Start of GIVEN RECORDS

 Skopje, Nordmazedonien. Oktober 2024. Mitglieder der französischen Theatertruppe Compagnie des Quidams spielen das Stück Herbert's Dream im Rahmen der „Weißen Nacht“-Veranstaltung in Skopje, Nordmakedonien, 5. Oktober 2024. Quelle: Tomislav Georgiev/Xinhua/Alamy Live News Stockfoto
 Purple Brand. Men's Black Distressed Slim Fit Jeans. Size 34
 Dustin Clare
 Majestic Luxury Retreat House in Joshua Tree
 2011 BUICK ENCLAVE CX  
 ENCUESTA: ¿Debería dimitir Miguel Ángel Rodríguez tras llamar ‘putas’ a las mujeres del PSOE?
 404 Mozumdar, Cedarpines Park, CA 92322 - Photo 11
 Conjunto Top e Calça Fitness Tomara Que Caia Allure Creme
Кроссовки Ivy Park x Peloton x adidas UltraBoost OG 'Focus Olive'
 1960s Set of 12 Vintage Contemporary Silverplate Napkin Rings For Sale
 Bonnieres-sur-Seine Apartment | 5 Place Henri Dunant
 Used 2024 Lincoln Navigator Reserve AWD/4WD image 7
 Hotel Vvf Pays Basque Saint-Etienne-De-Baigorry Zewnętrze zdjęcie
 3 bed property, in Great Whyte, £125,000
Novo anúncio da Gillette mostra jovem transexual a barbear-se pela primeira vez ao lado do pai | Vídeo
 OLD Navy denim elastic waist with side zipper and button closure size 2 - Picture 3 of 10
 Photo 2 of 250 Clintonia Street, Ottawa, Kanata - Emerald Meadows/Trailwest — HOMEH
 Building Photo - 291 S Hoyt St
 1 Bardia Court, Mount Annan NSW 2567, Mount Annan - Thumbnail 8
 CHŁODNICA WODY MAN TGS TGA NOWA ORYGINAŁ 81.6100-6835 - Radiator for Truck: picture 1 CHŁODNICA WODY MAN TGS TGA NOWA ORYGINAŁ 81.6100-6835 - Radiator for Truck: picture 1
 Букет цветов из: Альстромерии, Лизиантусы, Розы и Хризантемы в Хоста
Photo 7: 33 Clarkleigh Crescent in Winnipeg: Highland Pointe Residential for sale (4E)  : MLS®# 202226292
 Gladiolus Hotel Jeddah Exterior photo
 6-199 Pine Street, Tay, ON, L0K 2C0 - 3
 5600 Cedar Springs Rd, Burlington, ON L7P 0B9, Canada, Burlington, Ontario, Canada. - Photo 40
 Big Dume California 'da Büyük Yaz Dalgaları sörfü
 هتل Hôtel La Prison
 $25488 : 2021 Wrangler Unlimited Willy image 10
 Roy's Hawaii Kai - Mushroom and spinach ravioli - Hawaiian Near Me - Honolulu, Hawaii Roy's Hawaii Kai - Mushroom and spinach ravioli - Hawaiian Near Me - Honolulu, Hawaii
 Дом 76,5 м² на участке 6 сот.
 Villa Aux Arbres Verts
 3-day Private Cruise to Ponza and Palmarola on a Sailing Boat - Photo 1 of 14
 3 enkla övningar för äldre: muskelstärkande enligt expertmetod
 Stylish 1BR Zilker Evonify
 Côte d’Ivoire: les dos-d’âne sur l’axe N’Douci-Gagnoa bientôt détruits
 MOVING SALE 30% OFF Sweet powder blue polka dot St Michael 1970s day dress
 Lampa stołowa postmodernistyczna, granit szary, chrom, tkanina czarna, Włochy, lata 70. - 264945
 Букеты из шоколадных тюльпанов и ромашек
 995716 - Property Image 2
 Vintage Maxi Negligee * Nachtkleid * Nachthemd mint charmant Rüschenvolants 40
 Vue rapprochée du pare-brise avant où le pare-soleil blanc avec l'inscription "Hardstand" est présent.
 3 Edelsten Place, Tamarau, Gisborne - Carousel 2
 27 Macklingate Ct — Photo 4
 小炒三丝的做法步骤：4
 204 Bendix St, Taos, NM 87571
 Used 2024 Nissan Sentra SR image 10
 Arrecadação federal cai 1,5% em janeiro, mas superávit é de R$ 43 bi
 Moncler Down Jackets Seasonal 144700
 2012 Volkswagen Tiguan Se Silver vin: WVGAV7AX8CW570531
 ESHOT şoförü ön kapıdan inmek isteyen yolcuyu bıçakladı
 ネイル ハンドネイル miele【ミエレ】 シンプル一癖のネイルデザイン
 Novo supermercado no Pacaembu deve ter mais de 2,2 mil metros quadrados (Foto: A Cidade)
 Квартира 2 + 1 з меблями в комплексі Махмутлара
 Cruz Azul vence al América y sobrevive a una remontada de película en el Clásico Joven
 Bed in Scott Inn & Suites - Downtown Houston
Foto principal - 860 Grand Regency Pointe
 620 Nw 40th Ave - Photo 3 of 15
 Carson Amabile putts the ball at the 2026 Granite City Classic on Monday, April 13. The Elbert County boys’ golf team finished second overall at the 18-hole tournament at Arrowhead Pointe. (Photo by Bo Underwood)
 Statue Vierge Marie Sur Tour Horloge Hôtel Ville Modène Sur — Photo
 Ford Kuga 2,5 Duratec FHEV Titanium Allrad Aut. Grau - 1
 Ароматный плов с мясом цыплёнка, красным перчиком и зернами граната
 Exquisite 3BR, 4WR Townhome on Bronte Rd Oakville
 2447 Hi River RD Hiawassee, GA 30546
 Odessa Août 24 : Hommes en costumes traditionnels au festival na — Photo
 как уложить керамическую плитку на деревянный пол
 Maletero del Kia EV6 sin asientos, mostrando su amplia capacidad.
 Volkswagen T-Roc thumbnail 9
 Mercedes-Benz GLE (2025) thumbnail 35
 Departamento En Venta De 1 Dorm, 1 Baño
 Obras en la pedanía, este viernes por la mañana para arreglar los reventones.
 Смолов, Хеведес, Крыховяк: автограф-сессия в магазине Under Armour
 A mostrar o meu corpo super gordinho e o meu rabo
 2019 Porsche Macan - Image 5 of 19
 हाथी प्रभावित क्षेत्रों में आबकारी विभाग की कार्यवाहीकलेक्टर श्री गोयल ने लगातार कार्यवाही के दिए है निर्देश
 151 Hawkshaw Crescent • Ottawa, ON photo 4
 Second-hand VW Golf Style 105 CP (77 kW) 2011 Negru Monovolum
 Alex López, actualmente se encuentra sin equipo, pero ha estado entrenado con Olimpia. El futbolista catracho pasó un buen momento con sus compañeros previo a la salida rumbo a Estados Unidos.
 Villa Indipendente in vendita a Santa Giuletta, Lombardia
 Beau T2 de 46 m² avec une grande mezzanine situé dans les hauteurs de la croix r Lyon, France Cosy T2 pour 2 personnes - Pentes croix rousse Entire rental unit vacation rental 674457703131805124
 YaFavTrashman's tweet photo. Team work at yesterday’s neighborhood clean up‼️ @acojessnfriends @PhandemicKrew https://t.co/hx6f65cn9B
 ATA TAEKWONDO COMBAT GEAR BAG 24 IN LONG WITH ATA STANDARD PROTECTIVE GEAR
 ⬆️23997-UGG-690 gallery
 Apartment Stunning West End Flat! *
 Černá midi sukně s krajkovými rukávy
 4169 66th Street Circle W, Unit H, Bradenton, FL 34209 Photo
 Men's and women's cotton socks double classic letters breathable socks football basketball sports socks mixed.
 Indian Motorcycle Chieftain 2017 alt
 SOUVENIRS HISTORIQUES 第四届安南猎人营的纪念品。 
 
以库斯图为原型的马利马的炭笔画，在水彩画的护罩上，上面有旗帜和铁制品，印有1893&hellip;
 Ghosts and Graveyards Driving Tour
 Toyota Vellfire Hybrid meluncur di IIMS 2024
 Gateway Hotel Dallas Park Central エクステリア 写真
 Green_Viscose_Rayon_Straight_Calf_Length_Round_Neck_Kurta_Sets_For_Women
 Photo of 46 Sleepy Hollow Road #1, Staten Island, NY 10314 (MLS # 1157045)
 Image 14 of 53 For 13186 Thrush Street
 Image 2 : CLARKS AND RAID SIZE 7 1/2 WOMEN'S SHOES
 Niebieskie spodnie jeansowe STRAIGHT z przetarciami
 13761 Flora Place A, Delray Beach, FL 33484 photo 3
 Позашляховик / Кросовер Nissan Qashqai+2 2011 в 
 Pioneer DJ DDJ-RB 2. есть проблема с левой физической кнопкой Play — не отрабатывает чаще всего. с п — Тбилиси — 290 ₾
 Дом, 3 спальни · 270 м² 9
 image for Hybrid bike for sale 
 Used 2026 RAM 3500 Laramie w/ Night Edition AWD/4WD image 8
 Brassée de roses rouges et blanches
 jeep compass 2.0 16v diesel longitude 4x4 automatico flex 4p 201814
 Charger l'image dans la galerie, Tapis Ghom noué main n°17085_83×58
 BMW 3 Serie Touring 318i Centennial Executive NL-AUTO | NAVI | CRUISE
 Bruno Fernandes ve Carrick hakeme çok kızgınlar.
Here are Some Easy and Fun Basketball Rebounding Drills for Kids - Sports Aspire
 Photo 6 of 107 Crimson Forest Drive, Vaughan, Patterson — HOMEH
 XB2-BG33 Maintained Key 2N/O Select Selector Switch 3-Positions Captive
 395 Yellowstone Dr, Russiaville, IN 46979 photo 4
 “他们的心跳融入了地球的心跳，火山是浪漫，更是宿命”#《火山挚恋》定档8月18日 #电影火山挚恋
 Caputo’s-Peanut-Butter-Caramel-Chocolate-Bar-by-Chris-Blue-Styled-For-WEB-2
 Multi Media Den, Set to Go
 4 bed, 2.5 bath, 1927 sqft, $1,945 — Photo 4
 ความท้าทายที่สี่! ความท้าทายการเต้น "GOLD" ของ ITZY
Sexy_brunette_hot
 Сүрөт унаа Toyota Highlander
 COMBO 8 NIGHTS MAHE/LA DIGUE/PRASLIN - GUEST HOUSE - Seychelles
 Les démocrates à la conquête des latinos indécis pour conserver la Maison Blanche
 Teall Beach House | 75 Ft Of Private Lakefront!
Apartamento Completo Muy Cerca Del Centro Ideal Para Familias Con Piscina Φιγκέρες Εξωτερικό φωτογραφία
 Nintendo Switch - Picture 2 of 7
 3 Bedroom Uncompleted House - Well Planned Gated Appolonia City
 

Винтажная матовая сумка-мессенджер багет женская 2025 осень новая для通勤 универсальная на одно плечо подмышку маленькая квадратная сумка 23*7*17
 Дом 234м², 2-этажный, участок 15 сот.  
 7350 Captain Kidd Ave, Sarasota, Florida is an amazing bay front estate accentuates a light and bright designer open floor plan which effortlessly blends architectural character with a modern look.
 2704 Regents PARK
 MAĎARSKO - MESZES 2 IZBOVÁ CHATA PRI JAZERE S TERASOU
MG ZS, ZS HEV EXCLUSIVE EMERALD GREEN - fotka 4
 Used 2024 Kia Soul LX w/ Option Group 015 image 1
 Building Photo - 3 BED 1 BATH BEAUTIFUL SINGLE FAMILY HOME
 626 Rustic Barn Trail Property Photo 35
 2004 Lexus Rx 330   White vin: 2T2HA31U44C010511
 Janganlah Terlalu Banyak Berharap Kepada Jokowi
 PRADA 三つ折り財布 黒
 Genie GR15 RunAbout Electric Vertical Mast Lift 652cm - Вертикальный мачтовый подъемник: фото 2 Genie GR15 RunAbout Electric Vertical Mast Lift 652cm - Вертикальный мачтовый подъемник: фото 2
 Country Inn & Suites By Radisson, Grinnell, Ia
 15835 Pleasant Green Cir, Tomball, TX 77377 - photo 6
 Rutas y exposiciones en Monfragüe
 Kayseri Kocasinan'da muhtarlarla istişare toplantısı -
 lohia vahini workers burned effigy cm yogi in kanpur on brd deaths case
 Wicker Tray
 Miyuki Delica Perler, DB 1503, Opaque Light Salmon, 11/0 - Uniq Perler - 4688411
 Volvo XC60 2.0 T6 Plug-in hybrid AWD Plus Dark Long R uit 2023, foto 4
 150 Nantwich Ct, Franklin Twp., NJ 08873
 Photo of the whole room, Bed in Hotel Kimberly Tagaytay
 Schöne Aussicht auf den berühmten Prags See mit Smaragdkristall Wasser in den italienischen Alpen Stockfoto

End of GIVEN RECORDS

From the data above, output exactly the lines between the one containing "3 Edelsten Place, Tamarau, Gisborne" and the one containing "620 Nw 40th Ave - Photo 3 of 15", counting both of them.

▸ EXERCISE ANSWER:
 3 Edelsten Place, Tamarau, Gisborne - Carousel 2
 27 Macklingate Ct — Photo 4
 小炒三丝的做法步骤：4
 204 Bendix St, Taos, NM 87571
 Used 2024 Nissan Sentra SR image 10
 Arrecadação federal cai 1,5% em janeiro, mas superávit é de R$ 43 bi
 Moncler Down Jackets Seasonal 144700
 2012 Volkswagen Tiguan Se Silver vin: WVGAV7AX8CW570531
 ESHOT şoförü ön kapıdan inmek isteyen yolcuyu bıçakladı
 ネイル ハンドネイル miele【ミエレ】 シンプル一癖のネイルデザイン
 Novo supermercado no Pacaembu deve ter mais de 2,2 mil metros quadrados (Foto: A Cidade)
 Квартира 2 + 1 з меблями в комплексі Махмутлара
 Cruz Azul vence al América y sobrevive a una remontada de película en el Clásico Joven
 Bed in Scott Inn & Suites - Downtown Houston
Foto principal - 860 Grand Regency Pointe
 620 Nw 40th Ave - Photo 3 of 15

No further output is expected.